> **DATA FOR PROCESSING**
◇ ◇ ◇ ◇ ◇

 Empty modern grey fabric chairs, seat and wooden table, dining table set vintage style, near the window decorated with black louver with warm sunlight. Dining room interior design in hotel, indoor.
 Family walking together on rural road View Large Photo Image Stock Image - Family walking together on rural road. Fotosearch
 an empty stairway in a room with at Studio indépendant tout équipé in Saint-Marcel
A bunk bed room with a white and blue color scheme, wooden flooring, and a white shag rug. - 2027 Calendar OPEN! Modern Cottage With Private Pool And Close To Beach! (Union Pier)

◇ ◇ ◇ ◇ ◇

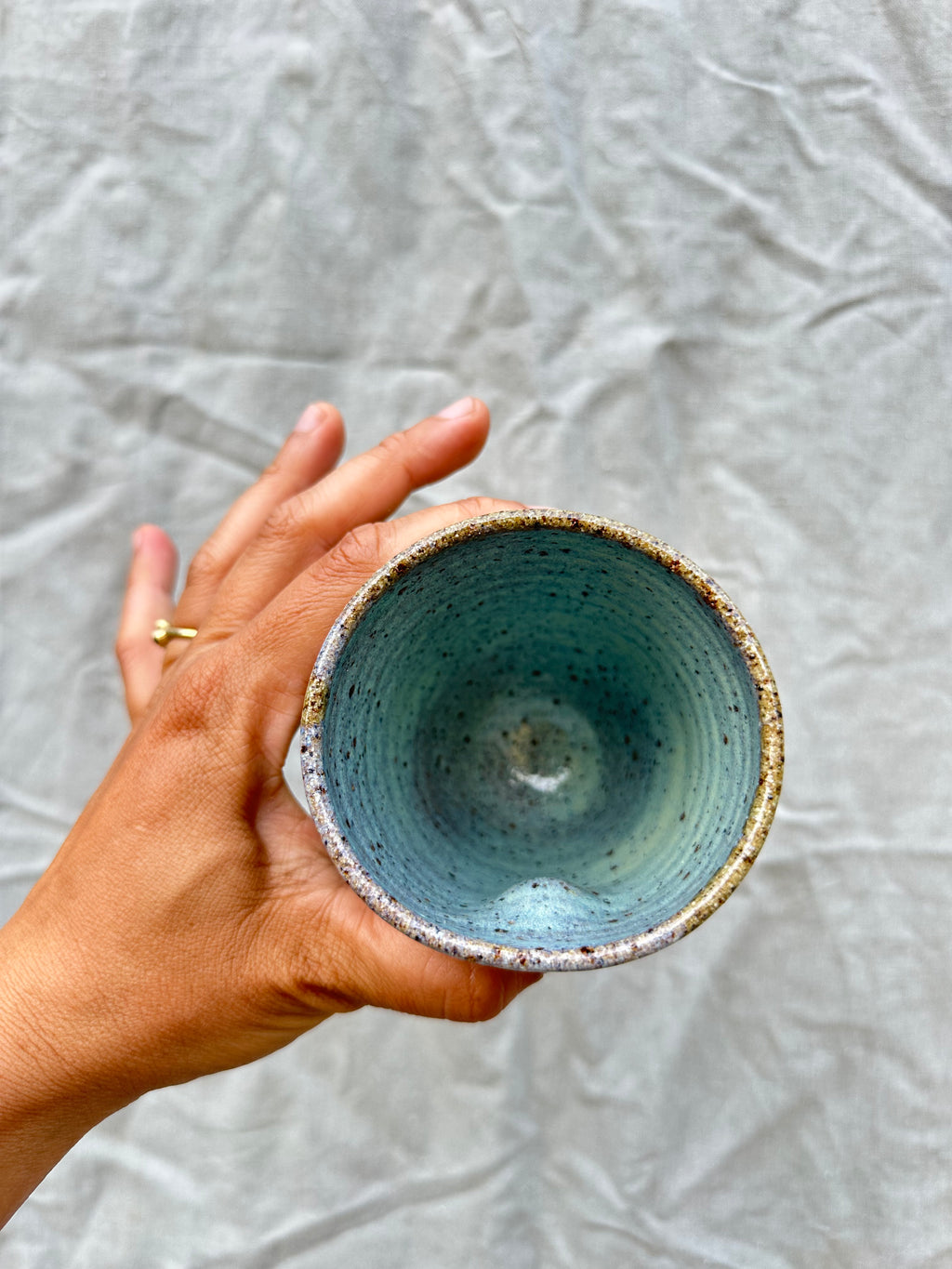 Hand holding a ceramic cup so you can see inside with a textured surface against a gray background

◇ ◇ ◇ ◇ ◇

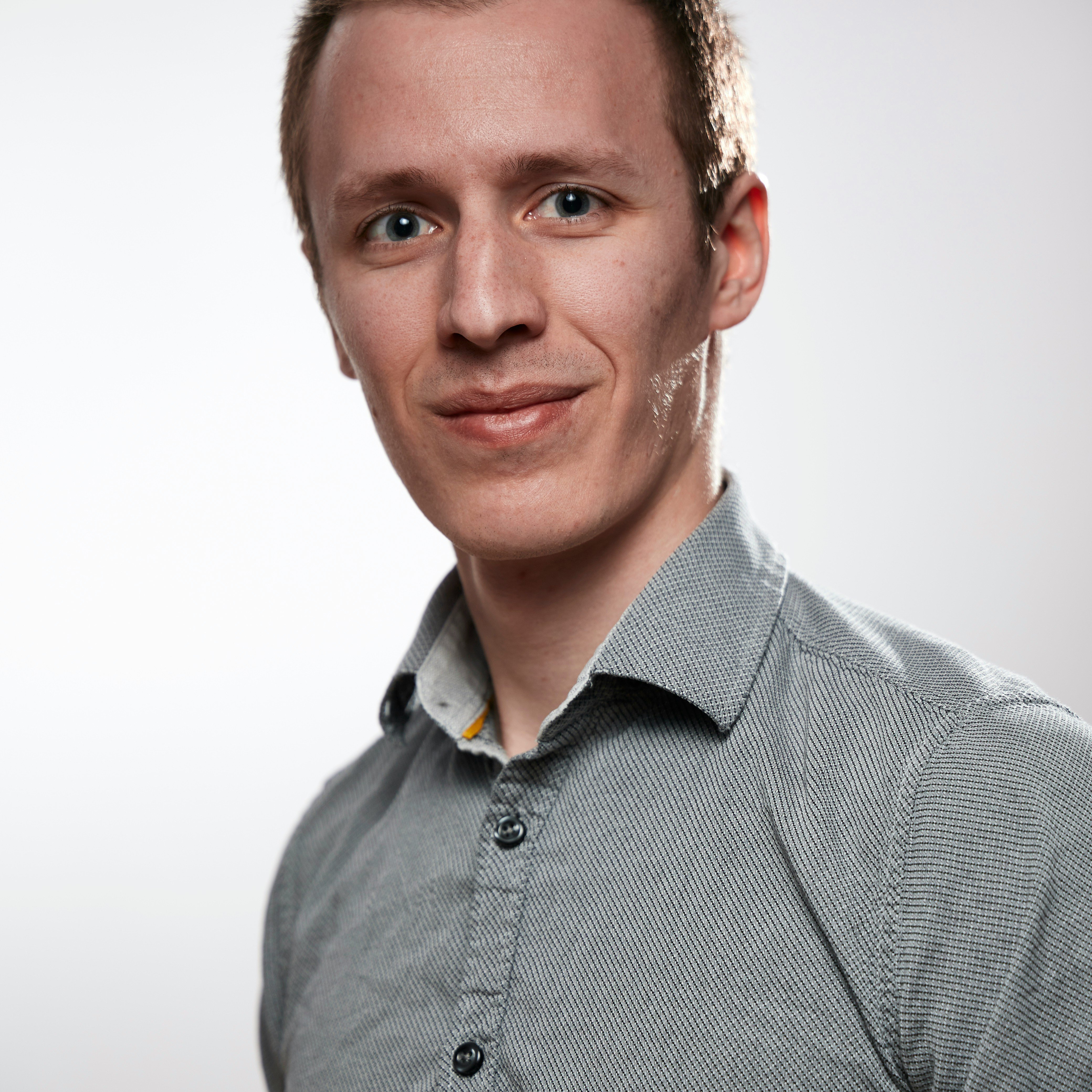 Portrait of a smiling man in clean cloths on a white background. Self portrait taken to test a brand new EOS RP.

◇ ◇ ◇ ◇ ◇

> **WHAT THE TASK ASKS**
Go to the line in the material above that contains "Empty modern grey" and copy exactly from there through the line that contains "Family walking together on rural road View", stopping after it.

> **SOLUTION**
 Empty modern grey fabric chairs, seat and wooden table, dining table set vintage style, near the window decorated with black louver with warm sunlight. Dining room interior design in hotel, indoor.
 Family walking together on rural road View Large Photo Image Stock Image - Family walking together on rural road. Fotosearch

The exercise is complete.